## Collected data
○ ○ ○

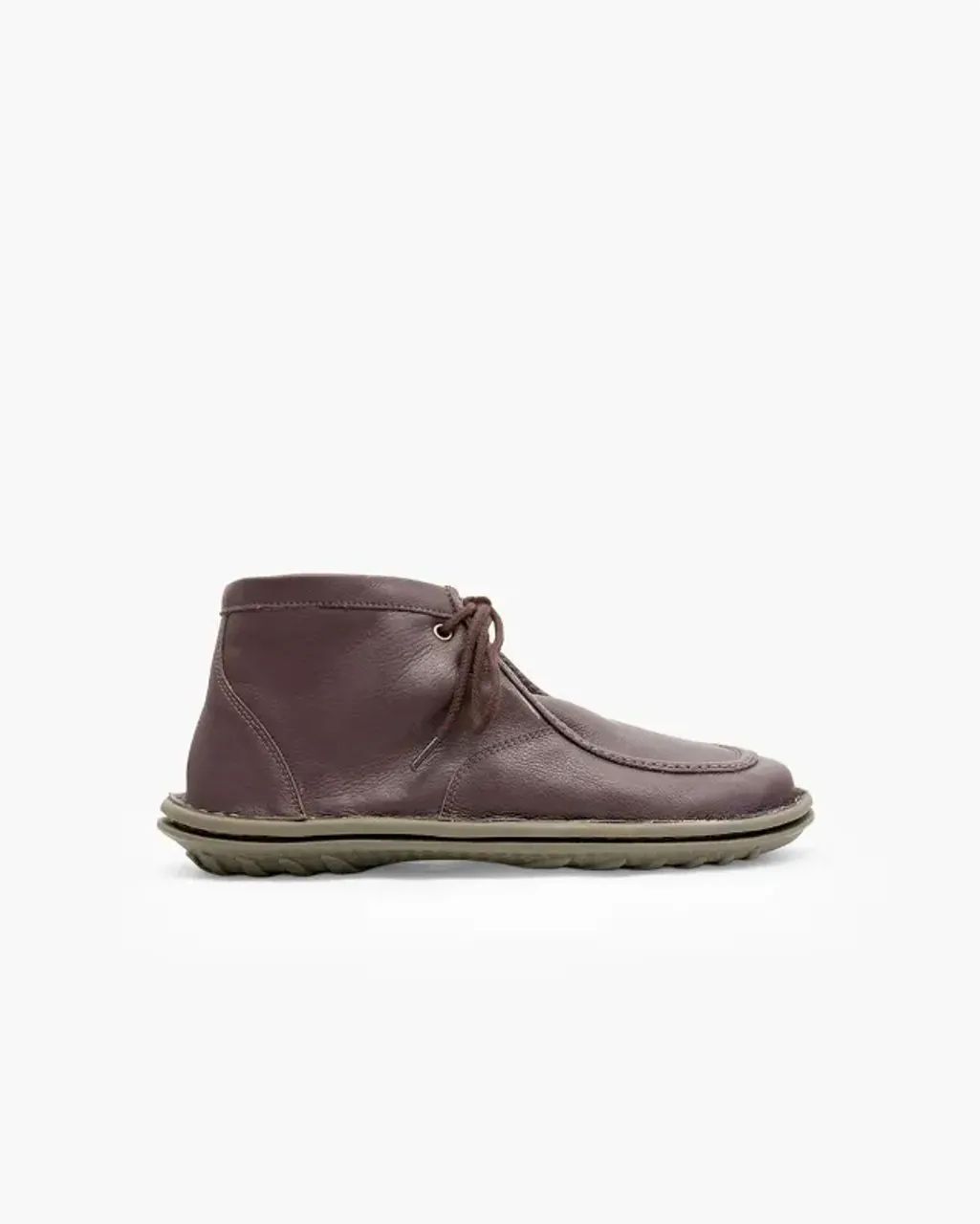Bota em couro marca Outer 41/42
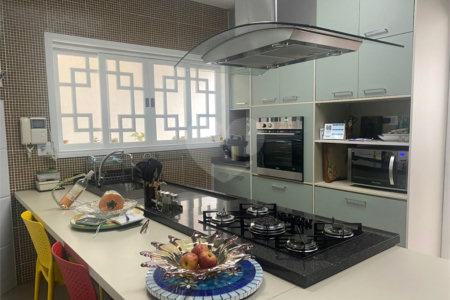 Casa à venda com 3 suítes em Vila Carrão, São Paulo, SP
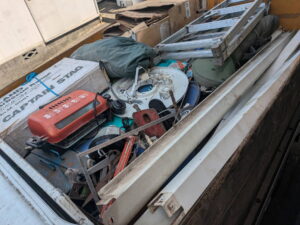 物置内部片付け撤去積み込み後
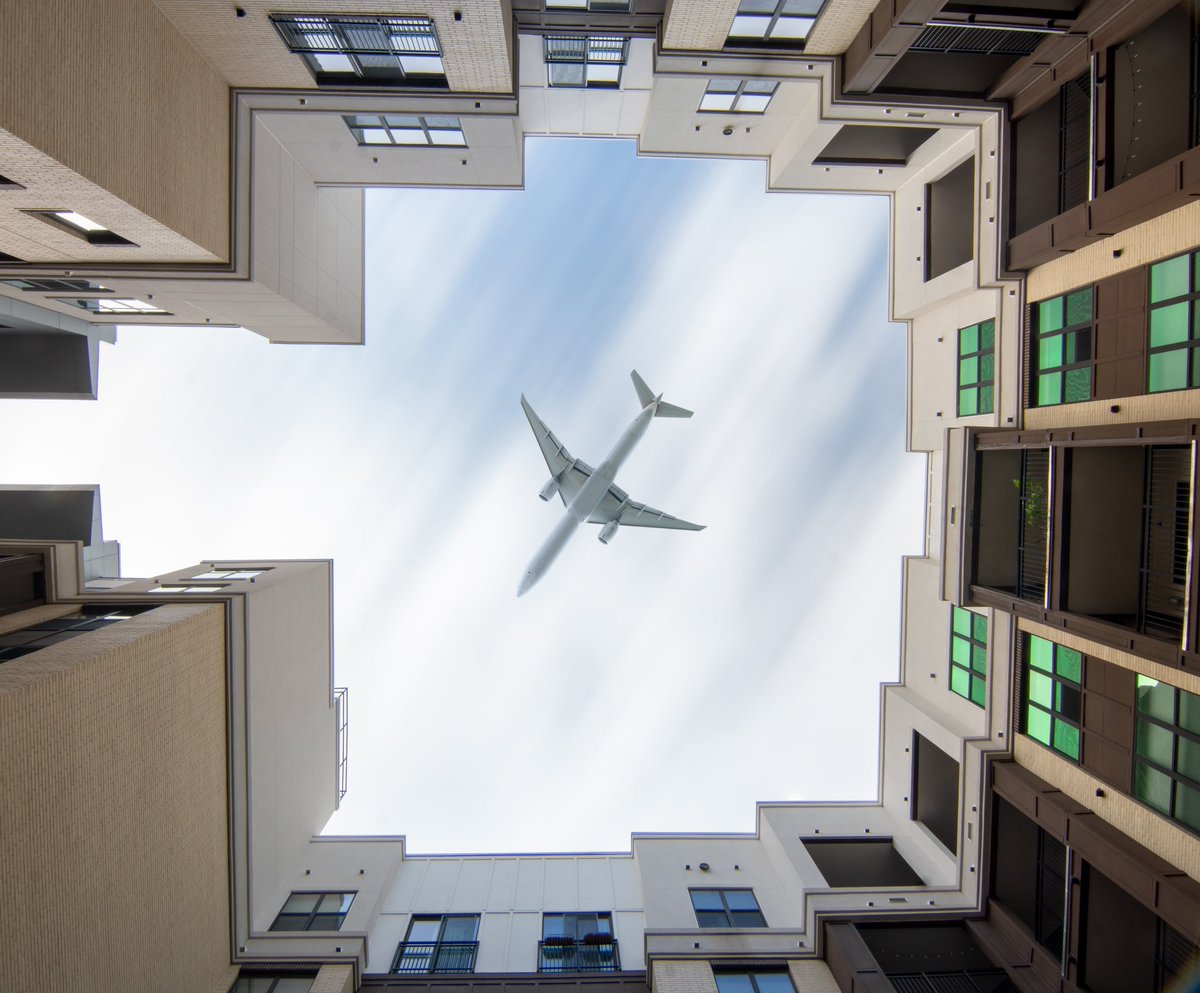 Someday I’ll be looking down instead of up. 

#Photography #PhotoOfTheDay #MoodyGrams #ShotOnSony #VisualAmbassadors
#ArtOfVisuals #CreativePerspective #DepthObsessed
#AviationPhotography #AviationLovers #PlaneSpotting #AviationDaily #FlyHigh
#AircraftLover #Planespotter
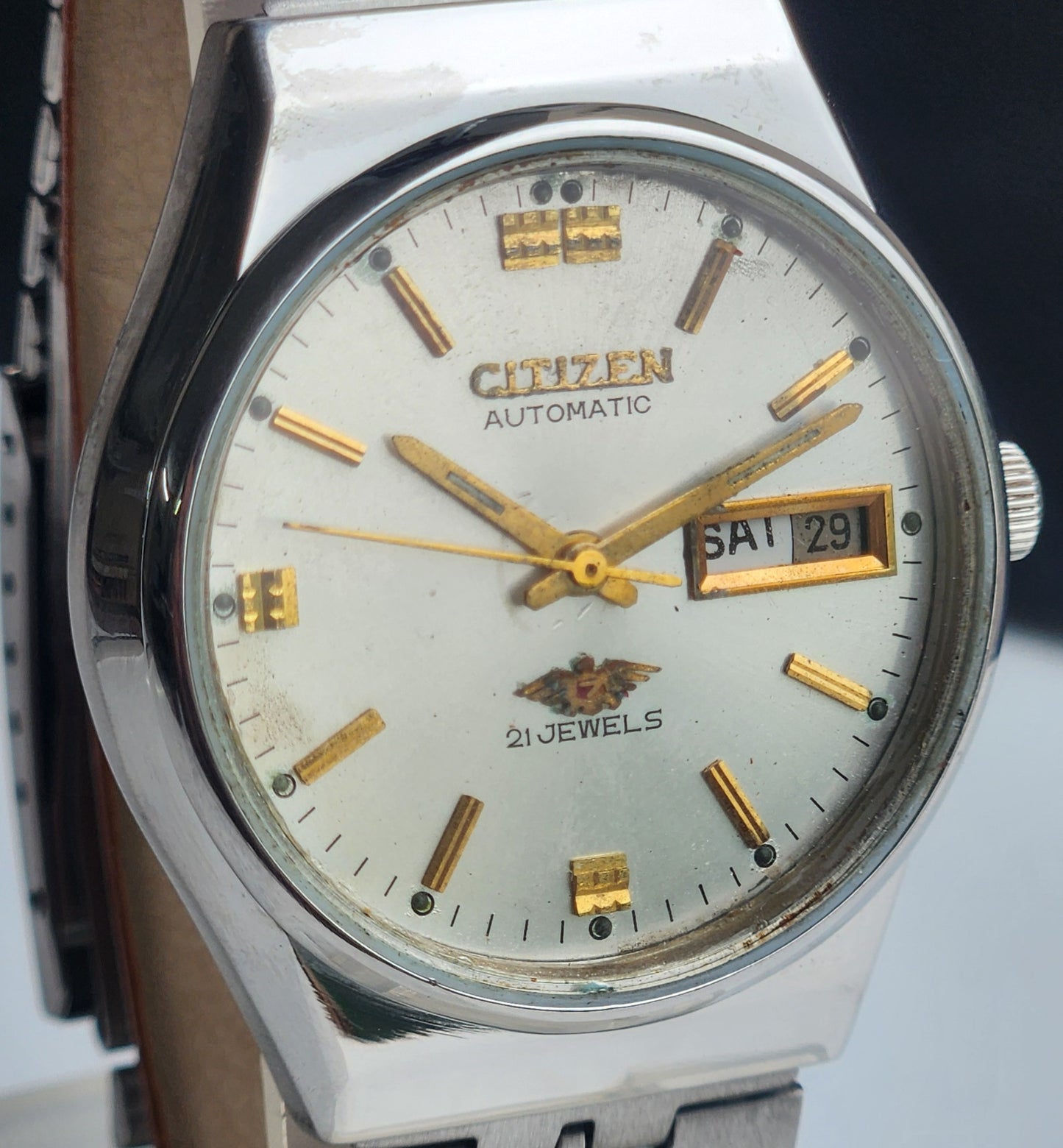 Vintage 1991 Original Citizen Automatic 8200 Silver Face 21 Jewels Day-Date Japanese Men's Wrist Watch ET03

○ ○ ○

## Task description
If a line falls between the one containing "#ArtOfVisuals #CreativePerspective #DepthObsessed" and the last line of the entries above, both included, reproduce it exactly; leave the pictures out.

## Exercise solution
#ArtOfVisuals #CreativePerspective #DepthObsessed
#AviationPhotography #AviationLovers #PlaneSpotting #AviationDaily #FlyHigh
#AircraftLover #Planespotter
 Vintage 1991 Original Citizen Automatic 8200 Silver Face 21 Jewels Day-Date Japanese Men's Wrist Watch ET03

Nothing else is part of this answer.